Thursday, 7 March 2013

Sense and Sensibility

Author: Jane Austen

Sense and Sensibility was anonymously published in 1811.
It was the first of Jane Austen’s novels to be published.

The Main Players: Elinor and Marianne Dashwood (sisters), Mr. Edward Ferrars, Colonel Brandon, Mr. John Willoughby, Miss. Lucy Steele, Mrs. Jennings.

Plot Lines: A sudden bereavement, a visiting relation, a remove to the country, money matters, suitable and unsuitable affairs of the heart, several disappointments, a trip to town, a teenage pregnancy revealed, some timely manipulation and a final resolution.

A Personal Note: I have mentioned Sense and Sensibility before on Too Folk To Be Cool, so I thought it would be apt for it to be the first up on my new *Recommends* segment.
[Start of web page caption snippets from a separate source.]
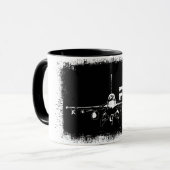 F-16 Strijd tegen Falcon 11 oz Ringer Mok (Voorkant links)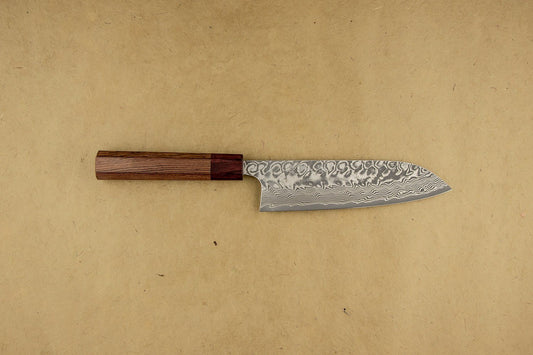 Yoshimi Kato SG2 Black Damascus Santoku 165mm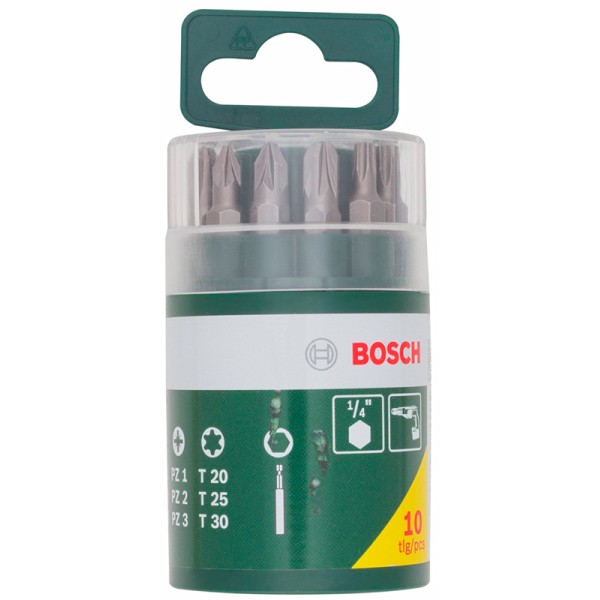 Набор бит Bosch 9 шт + универсальный держатель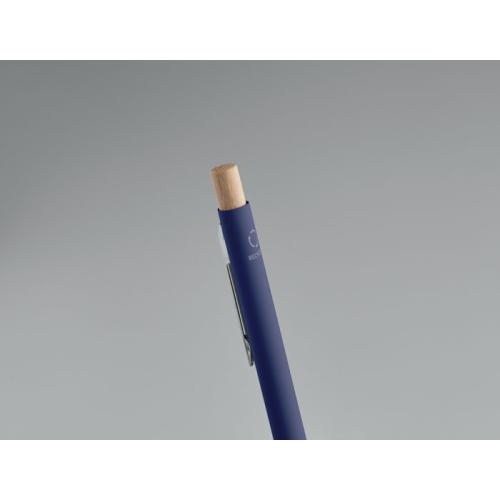 Aluminium balpen Bergamo blauw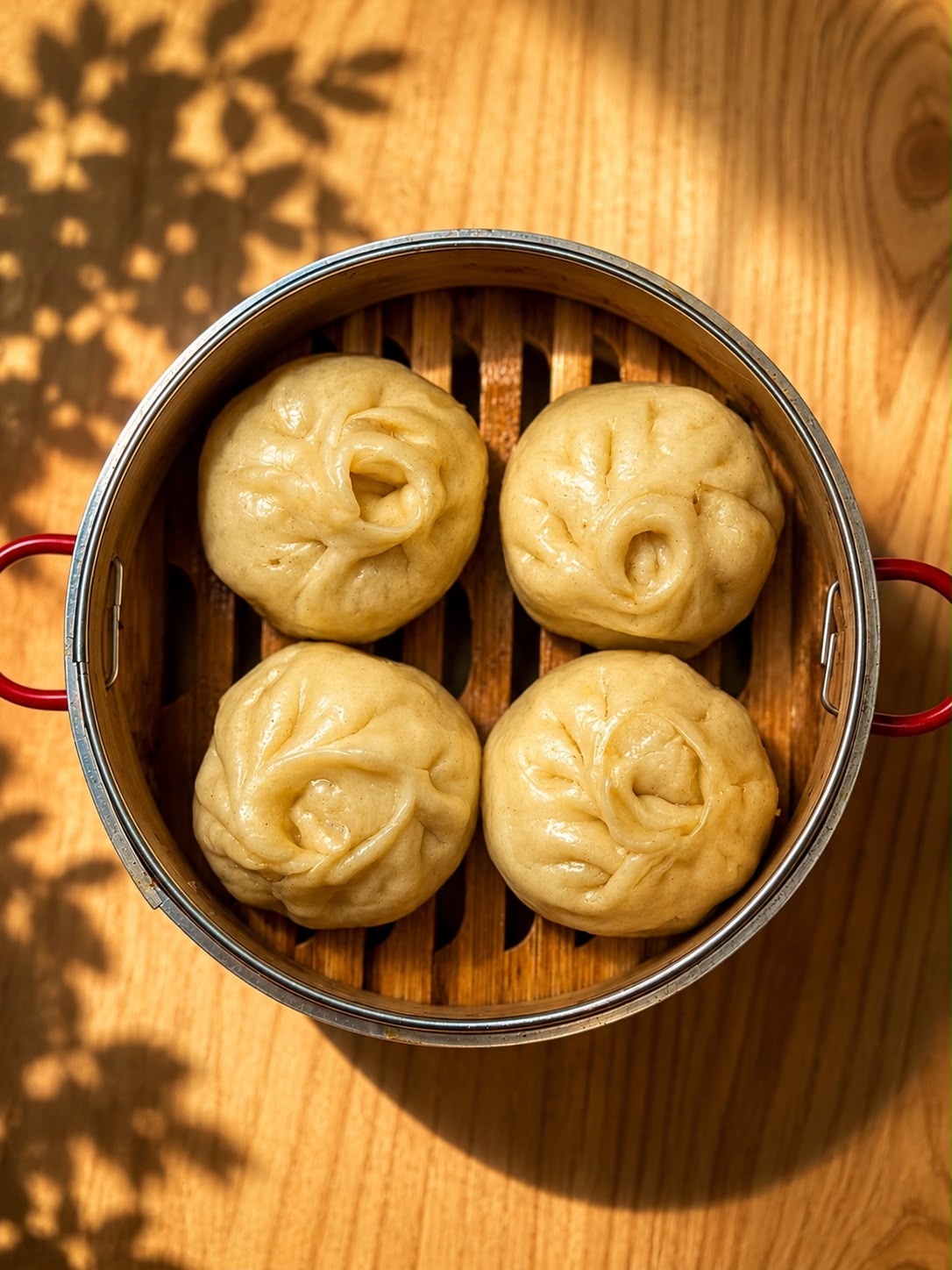 Gedämpfte Teigtaschen (4 Stück)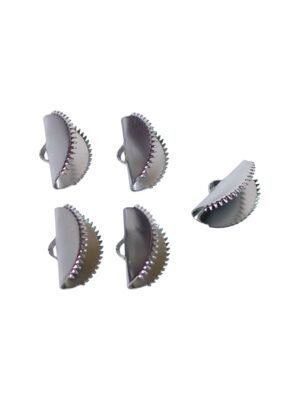 Crocodile ribbon ends in stainless steel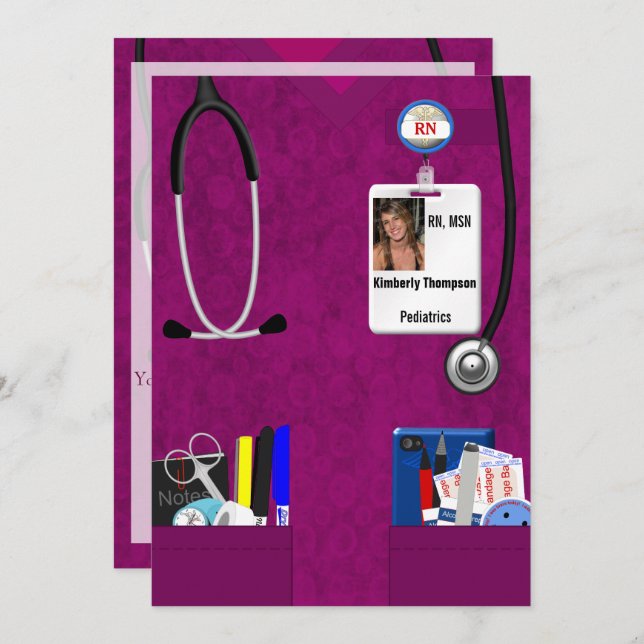 Nursing Graduation Invitation (Front/Back)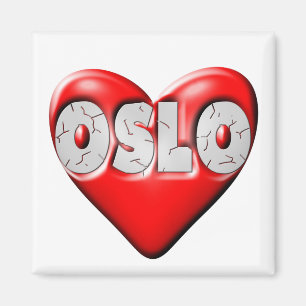 I Liebe Oslo Norwegen Magnet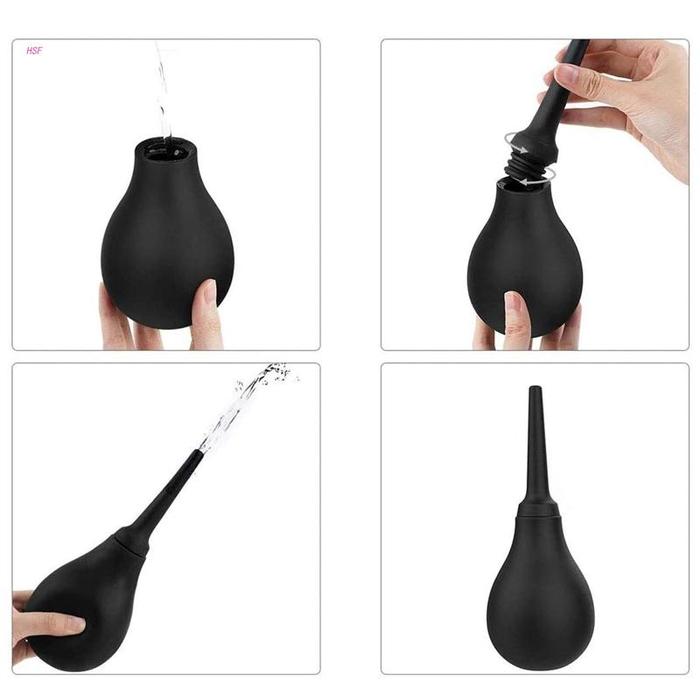 Silicone Bidet Cleaner Enema Shower Portable Unisex Men Women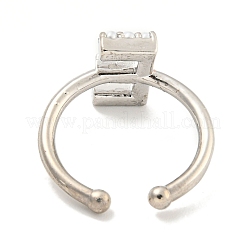 Anelli per polsini aperti da donna in ottone placcato a cremagliera&nbsp;RJEW-F162-01P-E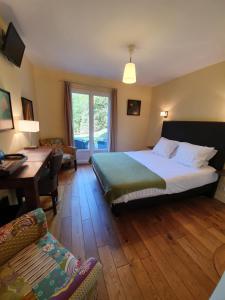 Postel nebo postele na pokoji v ubytování La Fraîchette-Hôtel & Spa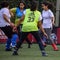 New Delhi, India - July 01 2018: Women Footballers of local football team during game in regional Derby championship on a bad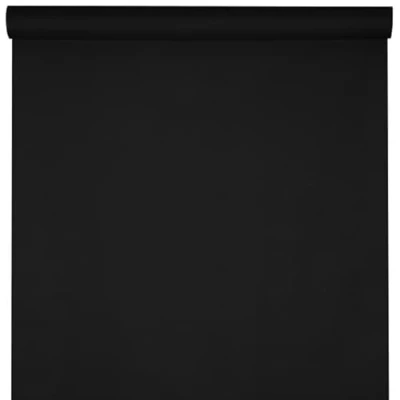 Image de Santex mariage Nappe Rouleau Harmony intissé Opaque 10m, Noir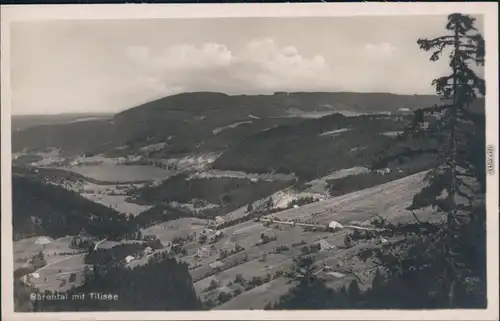 Ansichtskarte Bärental-Feldberg Blick auf den Ort 1934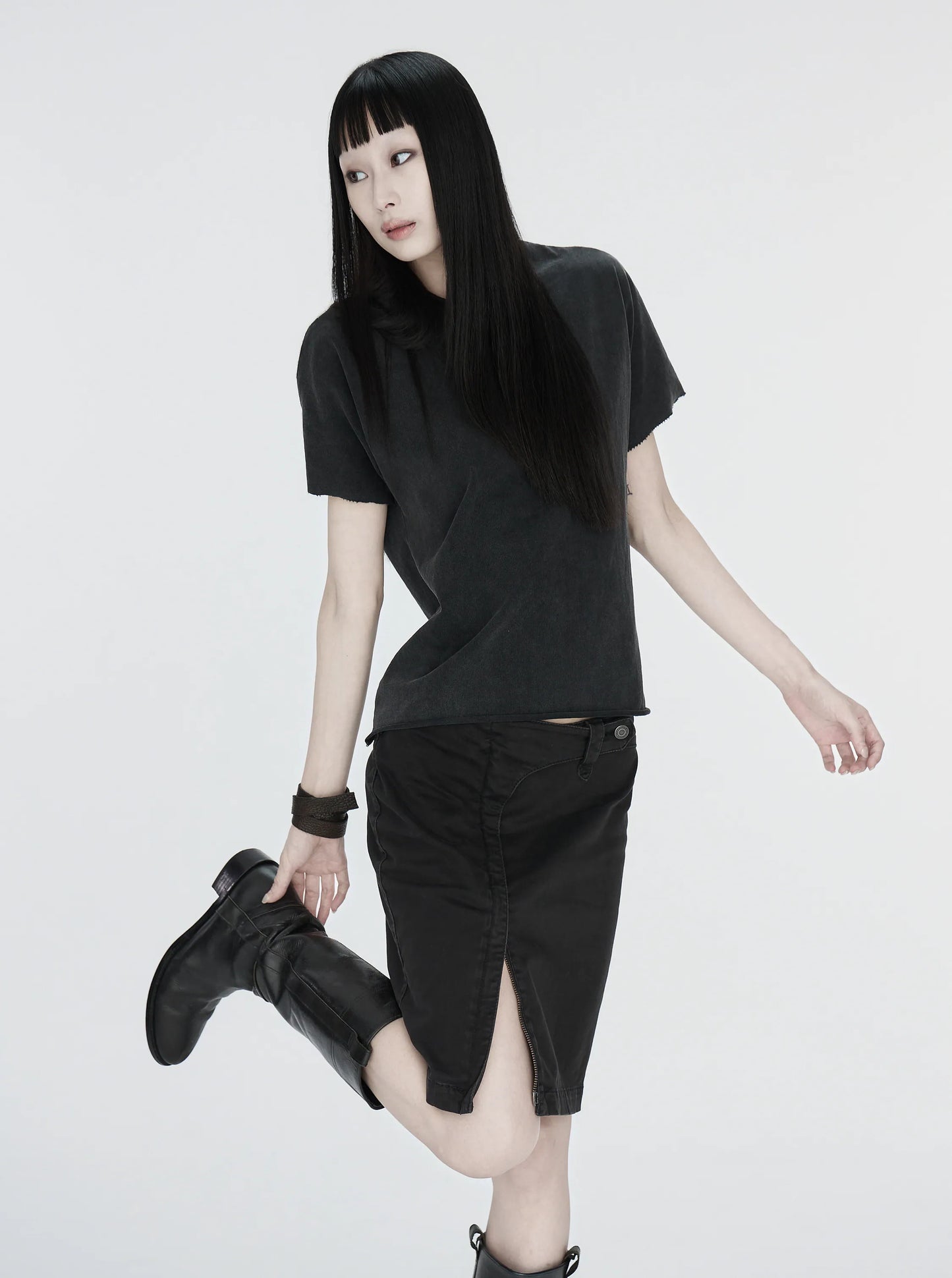 pip workspace_Raw Edge T-shirt (Grey)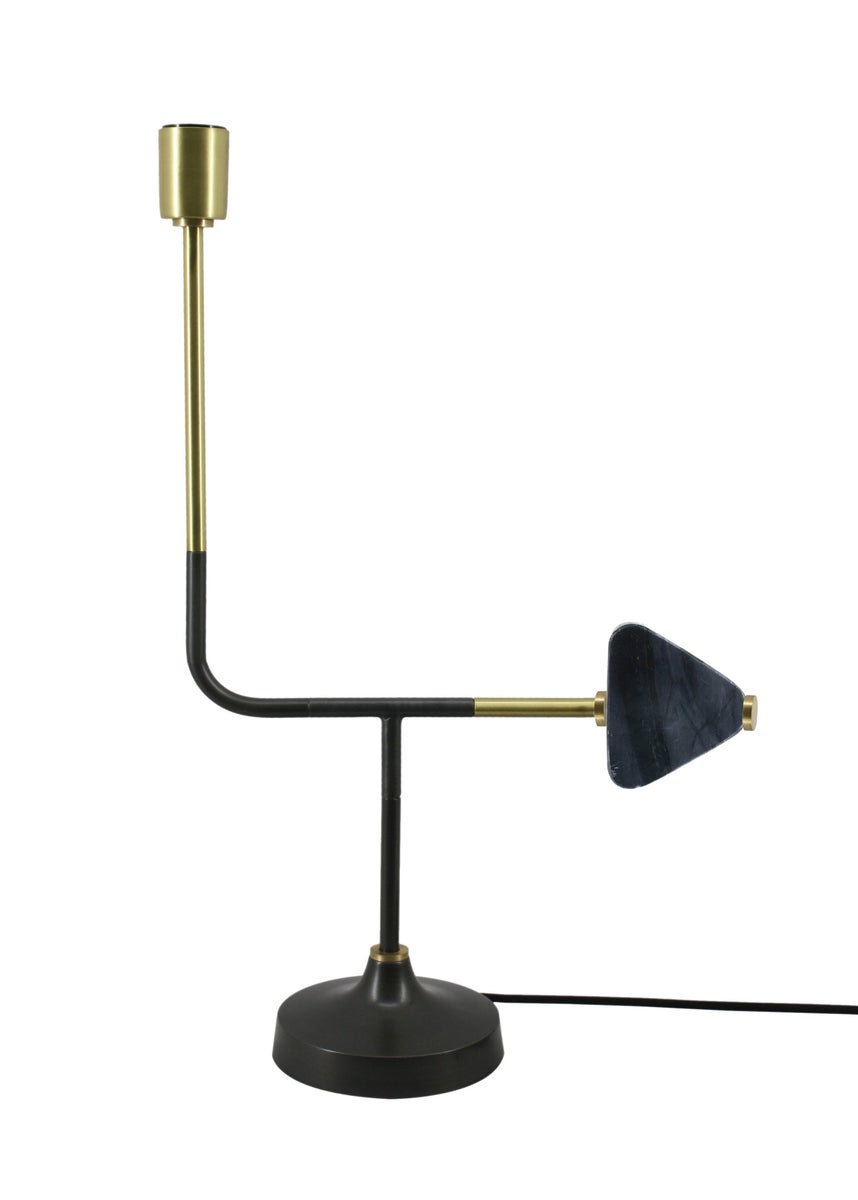 Minimalitische Tischlampe Modern in Schwarz, Loft Design 29 cm | Wohnzimmer Esszimmer Leuchte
I Love Sense and Sensibility, it is one of my favourite books. I read it or listen to it on audio book fairly regularly and I never stop delighting in its well woven tale.
I am also a huge fan of the 1995 film adaptation by Emma Thompson, which was directed by Ang Lee. To read or watch I don’t think you can get any higher in entertainment value.     

First image copyright Pocket Penguin.
Second image anonymous.
Third image copyright Richard Wilkinson.
Fourth image copyright Coralie Bickford-Smith.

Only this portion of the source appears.